Wednesday, January 27, 2016

Lucifer (television series) pilot review


    I'm a big fan of Neil Gaiman's Lucifer from Sandman and less of the spin-off series which took the basic concept and ran with it in a direction I didn't care for. The premise for those Philistines (just kidding) unfamiliar with Sandman is Lucifer decides to quit being ruler of Hell.

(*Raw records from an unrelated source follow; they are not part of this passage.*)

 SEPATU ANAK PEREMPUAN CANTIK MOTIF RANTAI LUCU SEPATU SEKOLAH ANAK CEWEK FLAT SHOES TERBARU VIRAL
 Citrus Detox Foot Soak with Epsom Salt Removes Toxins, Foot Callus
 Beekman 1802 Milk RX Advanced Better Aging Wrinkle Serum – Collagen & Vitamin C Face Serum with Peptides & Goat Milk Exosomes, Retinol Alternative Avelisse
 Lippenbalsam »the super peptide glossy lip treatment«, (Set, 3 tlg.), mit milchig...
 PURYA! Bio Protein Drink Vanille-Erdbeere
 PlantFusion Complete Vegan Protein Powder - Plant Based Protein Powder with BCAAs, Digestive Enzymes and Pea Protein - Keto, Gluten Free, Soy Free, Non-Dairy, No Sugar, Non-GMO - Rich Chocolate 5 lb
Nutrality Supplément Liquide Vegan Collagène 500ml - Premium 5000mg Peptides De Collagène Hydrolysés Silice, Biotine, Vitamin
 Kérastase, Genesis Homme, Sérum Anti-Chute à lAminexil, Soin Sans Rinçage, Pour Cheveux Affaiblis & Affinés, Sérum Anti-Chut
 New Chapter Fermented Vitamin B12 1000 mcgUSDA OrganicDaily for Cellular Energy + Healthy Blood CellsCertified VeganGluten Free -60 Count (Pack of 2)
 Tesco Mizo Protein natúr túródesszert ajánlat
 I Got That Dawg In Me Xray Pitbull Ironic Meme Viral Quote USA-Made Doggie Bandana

He's been at the job for millennium and, bluntly, it sucks. Heading up to planet Earth, he becomes a piano player and leaves all of the damned to their own devices.

    The comic spin-off, not by Gaiman, is a complicated story about Lucifer creating his own parallel Creation to God's and trying to escape predestination. It had a young half-angel girl as a central character and a psychotic Lilin who was probably one of the story's more amusing characters. Eventually, it becomes clear God is absolutely awful at his job and should be replaced by someone better.

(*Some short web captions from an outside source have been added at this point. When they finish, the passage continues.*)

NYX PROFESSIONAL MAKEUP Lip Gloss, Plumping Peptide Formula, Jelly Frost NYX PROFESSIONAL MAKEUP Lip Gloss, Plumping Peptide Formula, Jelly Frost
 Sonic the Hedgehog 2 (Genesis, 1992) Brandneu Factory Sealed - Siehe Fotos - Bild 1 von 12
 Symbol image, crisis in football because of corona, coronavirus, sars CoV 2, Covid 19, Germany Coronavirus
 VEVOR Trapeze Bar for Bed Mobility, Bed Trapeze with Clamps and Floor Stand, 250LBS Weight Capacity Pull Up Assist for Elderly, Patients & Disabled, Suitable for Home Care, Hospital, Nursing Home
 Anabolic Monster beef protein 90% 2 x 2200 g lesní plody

    This isn't a show about the latter.

    Thank Elaine (in-joke, sorry).

They open to "Ain't No Rest For The Wicked."
Presumably, they're saving "Sympathy for the Devil" for the season finale.
    The central premise remains intact. Lucifer (Tom Ellis) has decided being the Devil is no fun and moved to Los Angeles to become a nightclub owner. This is upsetting to powers both above and below who feel the universe is grossly out of balance if there's not someone down below punishing the damned. Lucifer, appropriately enough, gives two flying figs about what other people think and is enjoying his retirement. Part of the fun is this Lucifer does all of the usual "deals with the Devil" but they're not for people's souls. He just likes getting doing favors for people and see them scurry around in the aftermath.

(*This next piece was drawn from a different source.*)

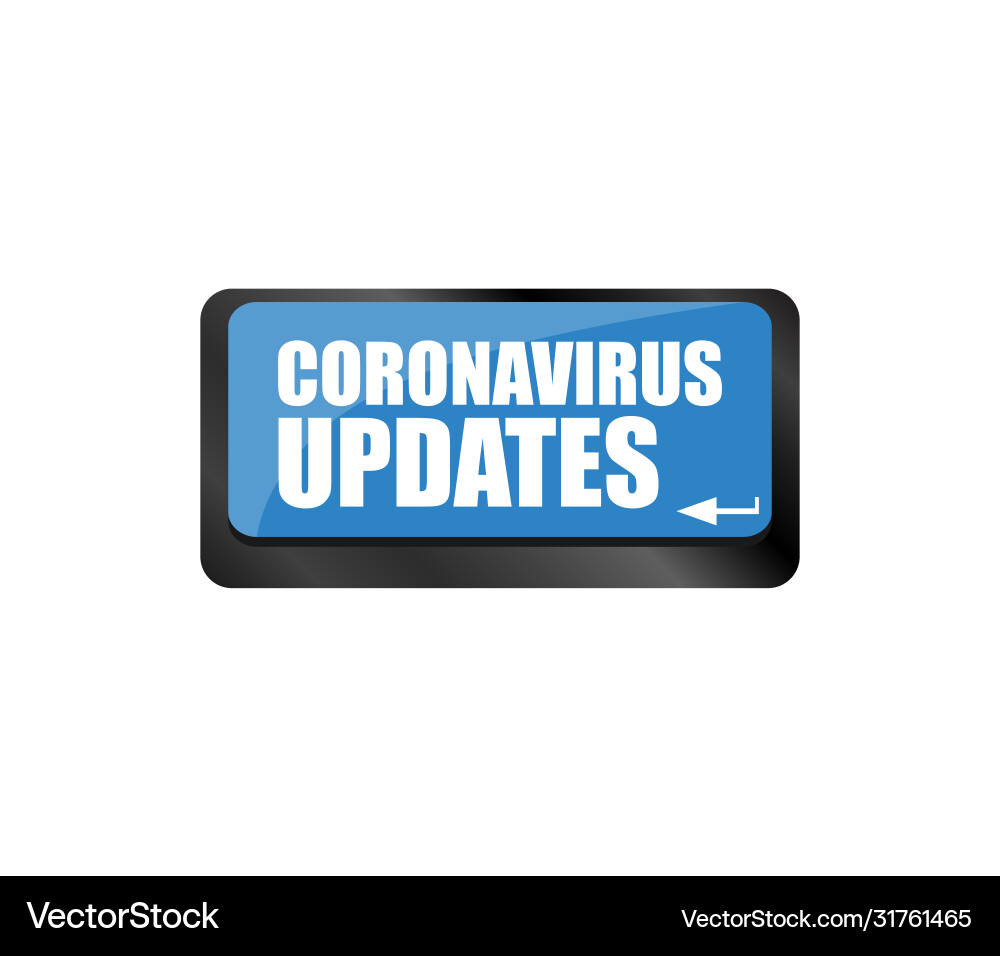 Computer keyboard with a key and coronavirus Computer keyboard with a key and coronavirus vector image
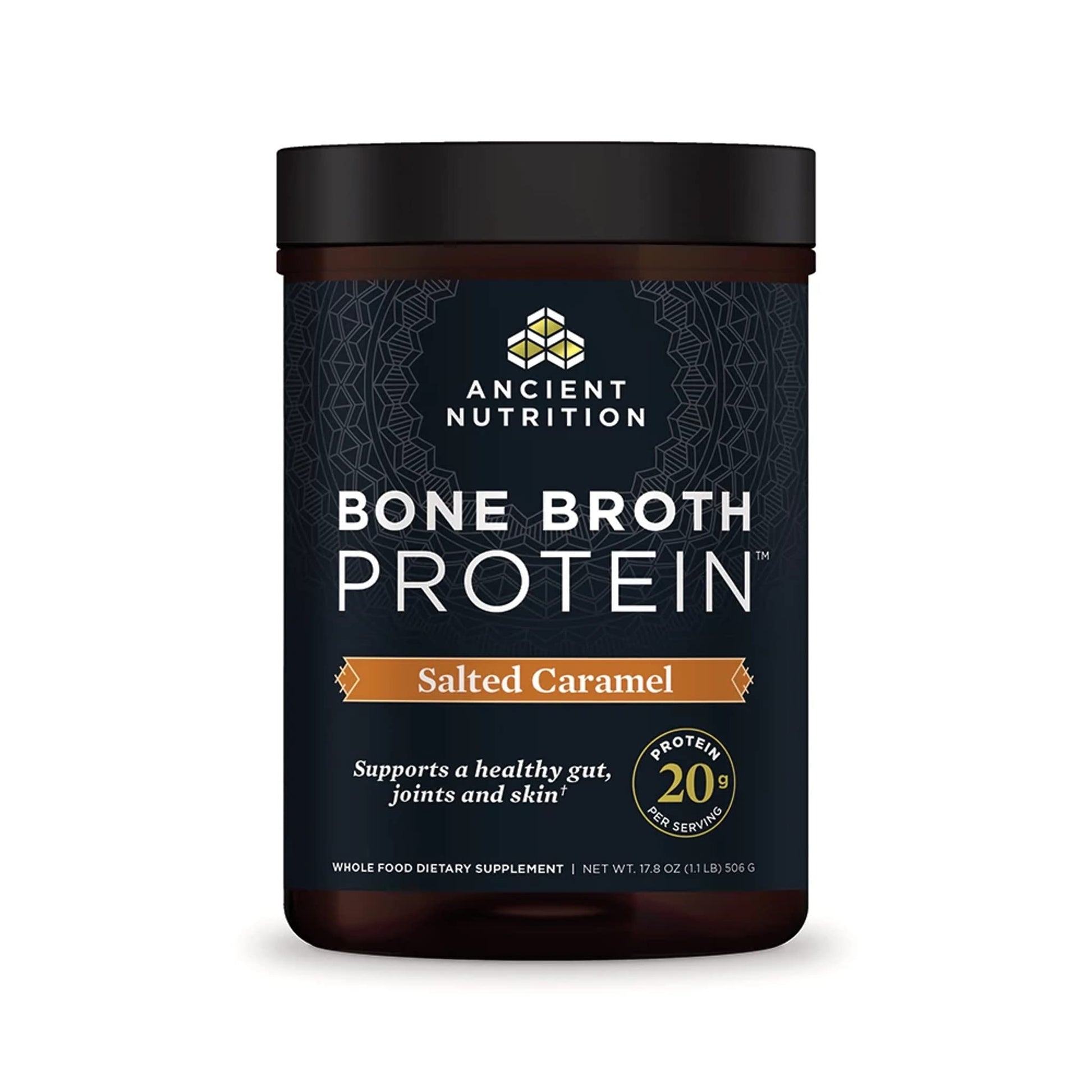 Ancient Nutrition Bone Broth Protein Powder, Salted Caramel, 19g Protein per Serving Ancient Nutrition uk supplements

    Lucifer's life changes when he meets with one of the few mortals he genuinely likes, though in a sort of vaguely-amused-by-versus love sort of way, and she gets gunned down in his arms. Not omniscient or possessed of any sort of powers we see, save people want to confess their darkest secrets to him, Lucifer decides he wants to find the person who ordered her killed. I like how Lucifer isn't remotely interested in concepts like justice--he's going to find the person who killed his pet mortal and torture the (if you'll pardon the pun) hell out of them.

Heaven really hates when Lucifer goes off-script.
    While conducting his impromptu investigation through Hollywood's elite, he runs into police officer Chloe Decker (Lauren German) who intrigues Lucifer since she's immune to his ability to get inside her head. Chloe Decker is a former raunchy teen-movie actor who decided to do something a little more respectable with her life but screwed up an investigation by trying to do something noble. Ostracized by the police force, Lucifer finds himself intrigued by someone of such strong moral conviction in a world where it's all paper-thin artifice.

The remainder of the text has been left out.